Taedong tertawa renyah. "Aku baru saja berniat meneleponmu. Tapi, Taehyun-hyung membicarakan terlalu banyak hal, ternyata dia sebegitunya merindukanku."
"Hei! Siapa yang—!" seru Taehyun tidak terima, seraya berusaha menyingkirkan tubuh besar Donghan yang menindihnya itu. Donghan dengan cepat membekap mulut Taehyun supaya tidak bicara hal yang tidak perlu. Maknae mereka itu memang sering bersikap kurang ajar seperti ini dan Taehyun tidak bisa berbuat apa-apa tentang itu.
"Memang! Taehyun-hyung sangat merindukanmu, Hyung. Dia bahkan pernah mengigaukan namamu saat tidur."
"A-apa? KAPAN?!" Taehyun akhirnya berhasil melepaskan diri dari Donghan yang menutup mulutnya, sayangnya ember bocor Donghan sudah terlanjur menyembur. Dan, sungguh ini benar-benar memalukan.
"Sungguh, Donghannie?" Taedong di seberang sana juga terkejut, rona merah tipis muncul di wajahnya. Sayangnya, Taehyun dan Donghan tidak bisa melihat itu.
"Sungguh! Ranjang kami 'kan bersebelahan, aku tahu banyak tentang Taehyun-hyung!" katanya. "Makanya cepat ke sini, Hyung ... Taehyun-hyung tidak bisa terus berlama-lama menjadi single parent!"
"Single parent?!" Taehyun memekik. Sumpah, percakapan ini benar-benar bisa membuat wajahnya mendidih.

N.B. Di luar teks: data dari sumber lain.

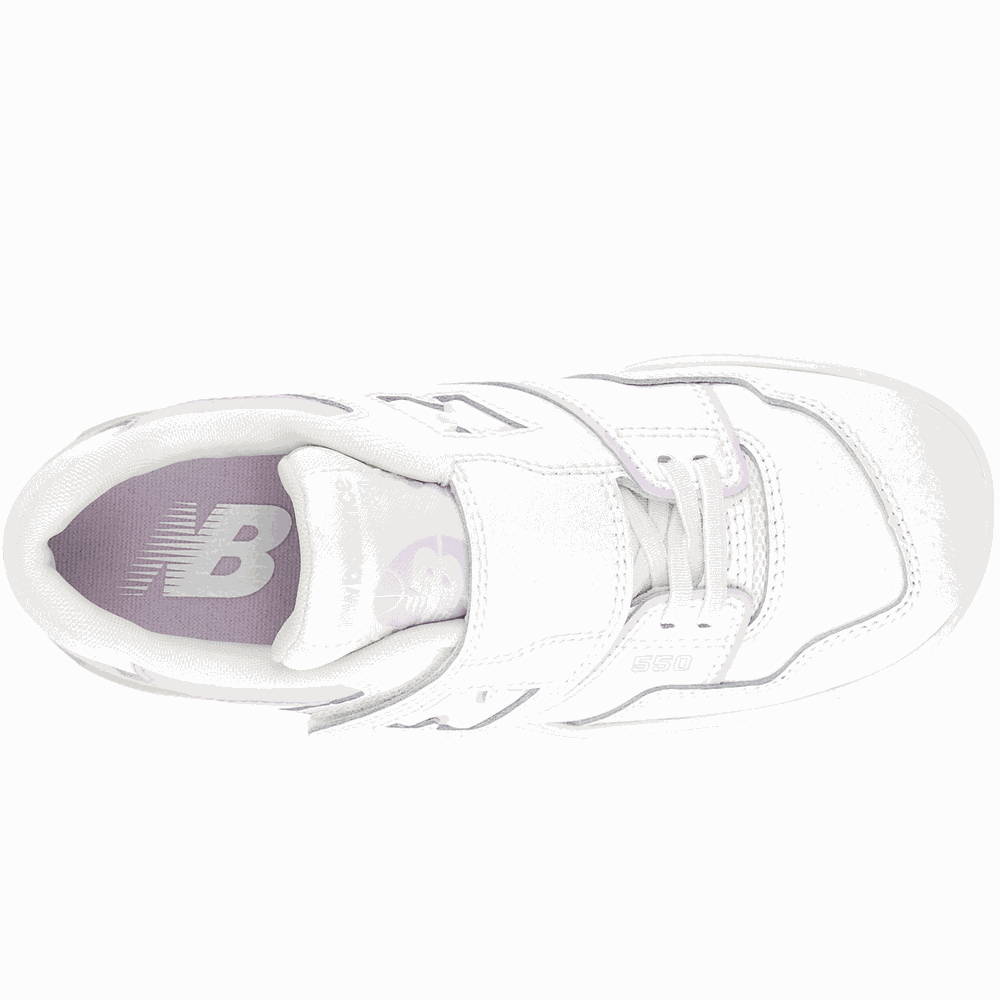 Gyermekcipő New Balance PHB550WK – fehér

Taedong tertawa sebentar. Dia memilih untuk ikut-ikutan permainan Donghan. "Kalau begitu, Donghannie tolong jaga ibumu sampai ayah datang, ya."
"Tentu! Aku akan menjaga Mama dengan baik," ujar Donghan sambil memeluk tubuh kecil Taehyun dengan bersemangat. Taehyun sampai susah bernapas dibuatnya.
"Kalau jadwal kalian kosong cepat beri tahu aku, ya. Nanti aku pasti berkunjung ke dorm."
"Beres!" balas Donghan semangat. "Yay! Akhirnya Papa pulang! Aku akan bertemu Papa!"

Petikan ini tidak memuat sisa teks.